Thank goodness I have tenure and nothing better to do!

The next word is surely the word “result,” which I now dutifully enter into the search field. Among the 32 snippets that the search returns, I find my target snippet. I am rewarded with a copy of the exact same snippet I just saw with no additional words. Crap! I’m going to have to be even more cleaver if I’m going to game this system.

Back to my copy of the book I turn. The sentence continues “as a result of a traditional training,” so I enter the word “traditional,” and I’m rewarded with . . . the same damn passage again! I have already seen it twice, now thrice. My search for the term “traditional” returns a hit for “traditionally” in the passage I have already seen and, importantly, no hit for the instance of “traditional” that I know (from reading the copy of the book on my desk) appears in the next line. How about “training,” I wonder. Nothing! Clearly Google is on to me now. I get results for other instances of the word “training” but not for the one that I know appears in the continuation of the sentence I have already seen.

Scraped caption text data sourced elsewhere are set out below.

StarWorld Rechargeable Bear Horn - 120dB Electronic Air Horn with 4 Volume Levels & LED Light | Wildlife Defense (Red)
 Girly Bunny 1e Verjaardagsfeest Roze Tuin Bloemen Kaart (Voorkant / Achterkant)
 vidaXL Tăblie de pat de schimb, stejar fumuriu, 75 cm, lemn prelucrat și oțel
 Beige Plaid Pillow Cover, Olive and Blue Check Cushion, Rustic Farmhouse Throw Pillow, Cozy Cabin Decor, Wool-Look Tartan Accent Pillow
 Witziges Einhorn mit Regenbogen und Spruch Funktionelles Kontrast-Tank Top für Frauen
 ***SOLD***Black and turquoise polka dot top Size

Well, this certainly is reading Macroanalysis the hard way. I’ve now spent 30 minutes to gain access to exactly 100 words beyond what was offered in the initial preview. And, of course, my method involved having access to the full text! Without the full text, I don’t think such a process of searching and reading is possible, and if it is possible, it is certainly not feasible!

But let’s assume that a super savvy text pirate, with extensive training in English language syntax could guess the right words to search and then perform at least as well as I did using a full text version of my book as a crutch. My book contains, roughly, 80,000 words. Not counting the ~5k offered in the preview, that leaves 75,000 words to steal. At a rate of 200 words per hour, it would take this super savvy text pirate 375 hours to reconstruct my book. That’s about 47 days of full-time, eight-hour work.

I get it. Times are tough and some folks simply need to steal books from snippet view because they can’t afford to buy them. I’m sympathetic to these folks; they need to satisfy their intense passion for reading and knowledge and who could blame them? Then again, if we consider the opportunity cost at $7.25 per hour (the current minimum wage), then stealing this book from snippet view would cost a savvy text pirate $2,218.75 in lost wages. The eBook version of my text, linked to from the Google Books web page, sells for $14.95. Hmmm?